Excel bug calls for wrong number (and GHP CDs)

Welcome to Wednesday's IT Blogwatch: in which Excel 2007 gets its sums badly wrong. Not to mention the discography of probably the best mashup DJ around...

Egan Orion reports

Excel 2007 loses its grip with arithmetic that involves the number 65,535 ... perhaps the simplest of which is the calculation ( 850 X 77.1 ), which should produce 65,535 but instead returns 100,000.

There's all sorts of speculation as to how this bug occurred, postulating floating-point and rounding errors and the like, but it seems much more likely that some Excel developer simply punted at some point and the Vole's stringent quality control (cough) never caught it.

Some might recall that mathematical errors have been discovered in Excel periodically in various releases going back at least as far as Excel 5. Microsoft people appear to have been involved in the discussion and confirmed the bug. [more]
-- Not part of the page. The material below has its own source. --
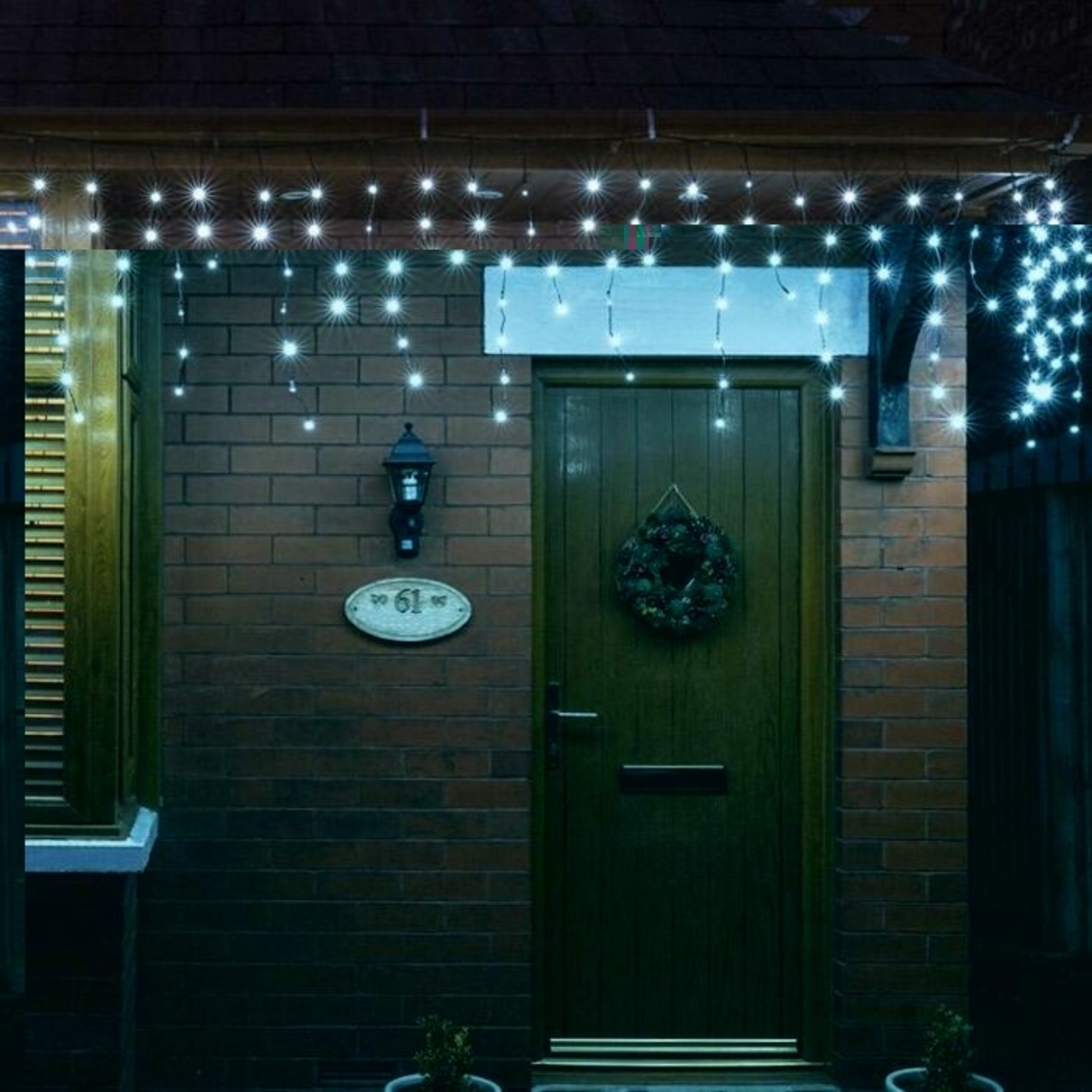 Instalatie Craciun Profesionala de Exterior IP65, 65 m, 1560 Led-uri Mari ,Franjuri, Alb rece, Flash, Alimentator, Interconectabila, Fir Negru Cauciucat, 220v, Vafy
Molham Serry is the Egyptian horse's mouth:

Simply when you try to multiply 850 by 77.1 excel display the result to be 100000. [more]

Matthew Sparkes adds: [Groan -Ed.]

You can replicate the problem by placing the formula =850*77.1 into an empty cell. Some other combinations of sums that equal 65,535 are also affected by the bug, but others are returning the correct number.

The number 65,535 should be familiar to programmers, as it is the highest number that can be stored in a 16-bit unsigned binary number. A problem with transitioning between 16-bit and 32-bit numbers may well be the cause. [more]

Neil Rubenking expands:

We all learned how to multiply with pencil and paper, even great big numbers and decimals. But when it comes to something important like a blueprint or a scientific formula we reach for a calculator - or a spreadsheet. That's much more reliable, right? Well, not if the spreadsheet is Excel 2007 ... [which] thinks that 850*77.1 is 100,000. What's the correct answer? Anybody? Anybody? Bueller? Anybody? Right, it should be 65,535.
There are tons of other problem numbers, as I discovered for myself. I set up a spreadsheet to divide 65,535 by every number from 1 to 65,535 itself, then multiply the number by that result. So, for example, it divided 65,535 by 26 to get 2,520.577. Then it multiplied 26 by 2,520.577 to get... 100,000?! Over ten thousand of these simple calculations gave the wrong answer.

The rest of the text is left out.